15.6.8 Continuing Work
Work is continuing in IEC TC57 WG13 and WG14 to define object-oriented presentation of real-time
operations information to the business enterprise environment using best networking practices. TC57
has also recently commissioned a new Working Group 15 to evaluate and recommend security practices
for the IEC protocols.
15.7 The Structure of a SCADA Communications Protocol
The fundamental task of a SCADA communications protocol is to transport a “payload” of information
(both digital and analog) from the substation to the control center and to allow remote control of selected
substation operating parameters from the control center. Other functions that are required but usually
not included in traditional SCADA protocols include the ability to access and download detailed event
files and oscillography and the ability to remotely access substation devices for administrative purposes.
These functions are often provided using ancillary dial-up telephone-based communication channels.
Newer, networkable, communication practices such as IEC 61850 make provision for all of the above
functionality and more using a single wide-area-network connection to the substation.

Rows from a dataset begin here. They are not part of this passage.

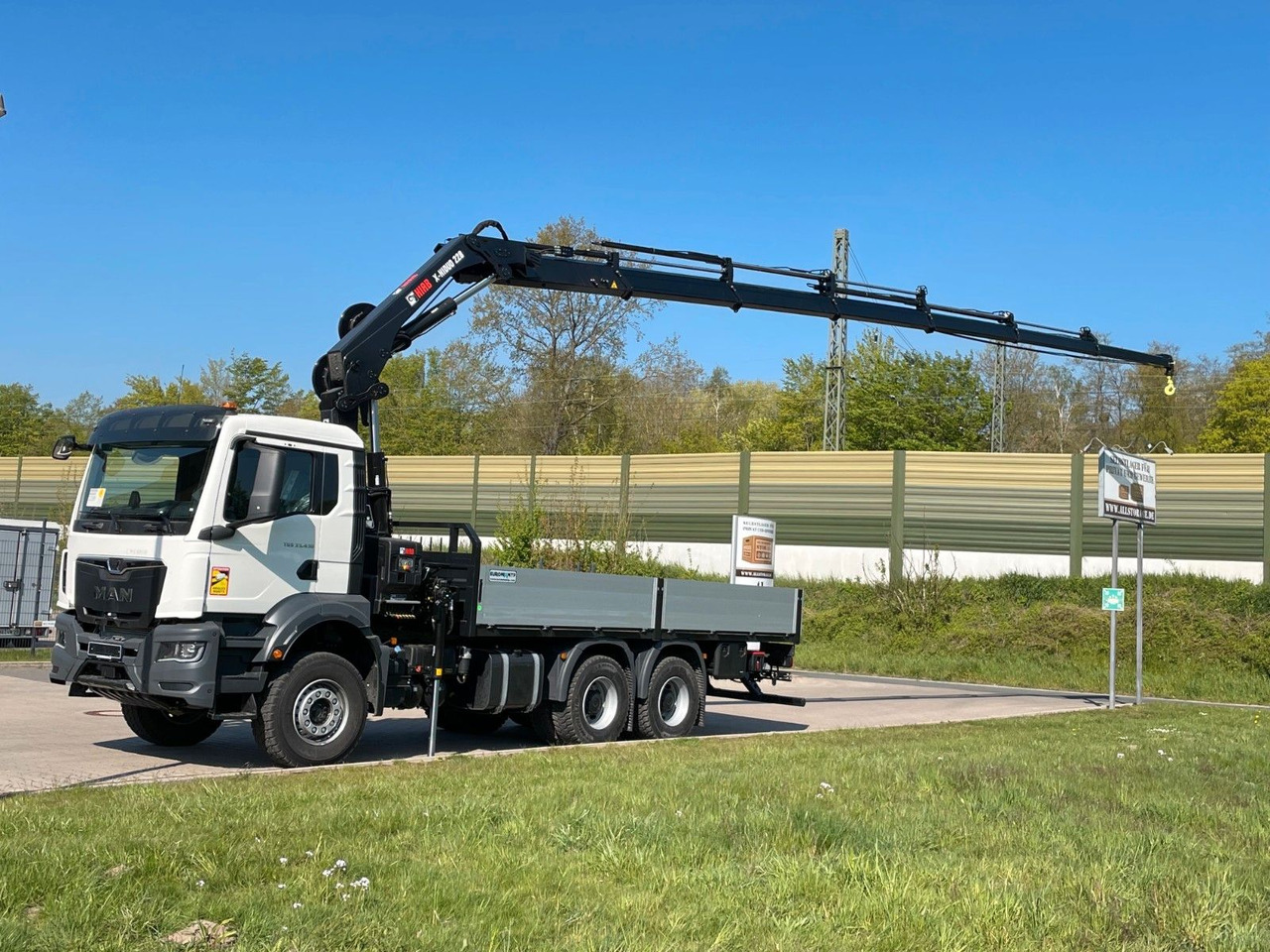 MAN TGS 33.440 6x4 HIAB 228-6 - Camión caja abierta, Camión grúa: foto 1 MAN TGS 33.440 6x4 HIAB 228-6 - Camión caja abierta, Camión grúa: foto 1
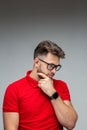 Serious pensive young man businessman in glasses thinking, solving problems, studio portrait on gray with copy space Royalty Free Stock Photo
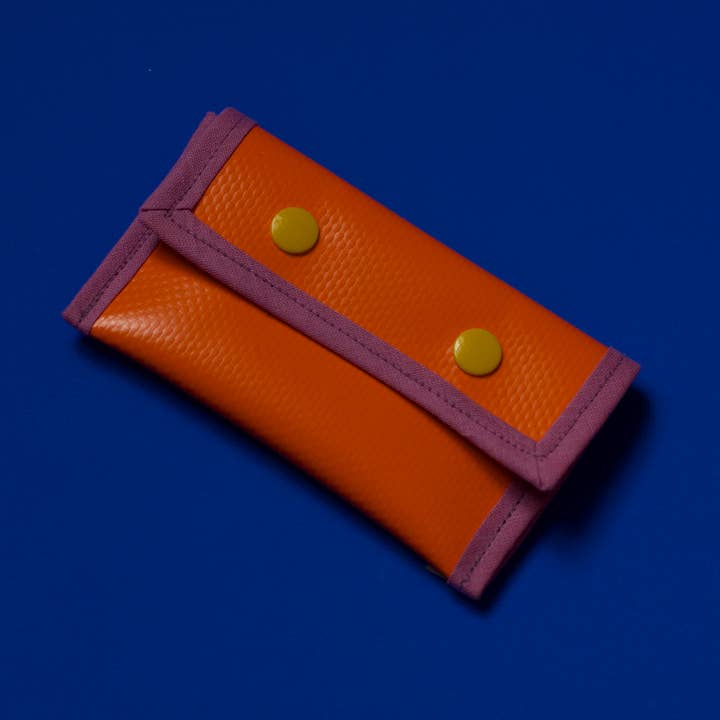 I Upcycling I Coucou LKW push buttons wallet - Orange & Lila for wholesale by Pikto3000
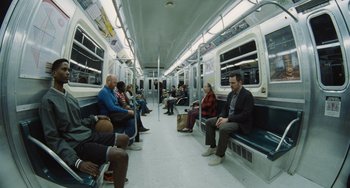 Movie still from “Nimic” (2019), directed by Yorgos Lanthimos – A group of people sitting on a subway train; Wide shot, High angle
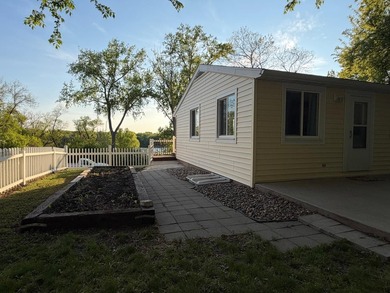 This three-bedroom, two-bathroom home sits across the bay from - photo 15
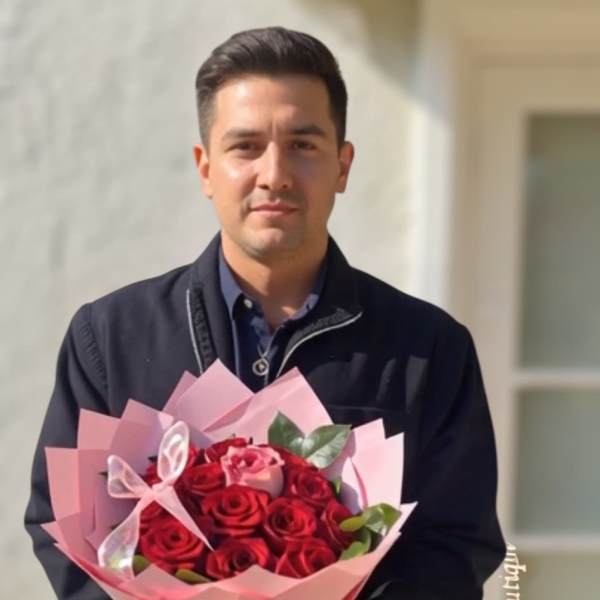 Man holding a bouquet of red roses wrapped in pink paper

From a communications perspective, all communication protocols have at their core a “payload” of
information that is to be transported. That payload is then wrapped in either a simple addressing and
error-detection envelope and sent over a communication channel (traditional protocols), or it is wrapped
in additional layers of application layer and networking protocols that allow transport over wide area
networks (routable object-oriented protocols like IEC 61850).
FIGURE 15.5
UCA timeline.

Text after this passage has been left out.